There had been problems on the streets in recent weeks, he said, but added: "The Assembly is working well, the Executive is working well, the North-South bodies are working well, the British-Irish Council is working well.

"The one thing that we should not do is create a crisis - an unnecessary crisis - and while there are difficulties and some tensions I think they will be there for a generation and what we need to do is manage things as they go."

Drawing a comparison between the trouble in Northern Ireland and his own part of the island, he added: "If there was a problem in some part of Dublin with policing I hope we would not find the resolution of that would be to disband Dail Eireann or to do away with the Government so therefore I do not for one second see the logic when people say we should do away with the Executive."

But the unionist demands continued today. Mr Nigel Dodds, the Democratic Unionist MP for North Belfast - and a minister in the power-sharing Stormont Executive - said the activities of the republican movement in recent weeks made it clear the IRA ceasefire was a sham.
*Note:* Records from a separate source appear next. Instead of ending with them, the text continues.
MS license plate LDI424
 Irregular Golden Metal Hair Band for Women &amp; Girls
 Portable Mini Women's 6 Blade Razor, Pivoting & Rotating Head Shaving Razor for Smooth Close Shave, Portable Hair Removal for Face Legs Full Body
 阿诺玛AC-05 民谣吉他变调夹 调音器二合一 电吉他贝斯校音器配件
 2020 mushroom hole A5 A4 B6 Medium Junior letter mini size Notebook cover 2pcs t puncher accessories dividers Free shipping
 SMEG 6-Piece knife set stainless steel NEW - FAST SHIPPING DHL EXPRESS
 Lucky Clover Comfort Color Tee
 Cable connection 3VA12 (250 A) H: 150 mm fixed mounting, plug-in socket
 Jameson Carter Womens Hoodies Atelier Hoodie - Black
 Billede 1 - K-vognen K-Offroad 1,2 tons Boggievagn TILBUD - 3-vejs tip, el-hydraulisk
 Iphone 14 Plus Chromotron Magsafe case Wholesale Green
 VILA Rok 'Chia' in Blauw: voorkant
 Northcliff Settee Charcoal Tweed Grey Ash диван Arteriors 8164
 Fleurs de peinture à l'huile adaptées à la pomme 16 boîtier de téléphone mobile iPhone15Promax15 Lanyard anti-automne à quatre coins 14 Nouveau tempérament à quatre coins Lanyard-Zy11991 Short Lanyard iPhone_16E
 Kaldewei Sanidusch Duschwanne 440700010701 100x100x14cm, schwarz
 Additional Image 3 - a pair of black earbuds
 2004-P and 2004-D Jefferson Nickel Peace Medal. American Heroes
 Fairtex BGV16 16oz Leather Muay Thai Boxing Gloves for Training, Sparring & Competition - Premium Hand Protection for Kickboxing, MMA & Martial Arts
"The Secretary of State must therefore take action against Sinn Féin and move to exclude them from their ministerial posts."

Like other hardline unionists he accused the IRA of still obtaining weapons, orchestrating the recent violence on the streets of Belfast, training and targeting.

Despite this week's IRA apology for the deaths of the hundreds of civilians it killed during 30 years of violence, Mr Dodds said: "No half-hearted apologies should be used as another excuse to buy Sinn Féin more time in the Executive."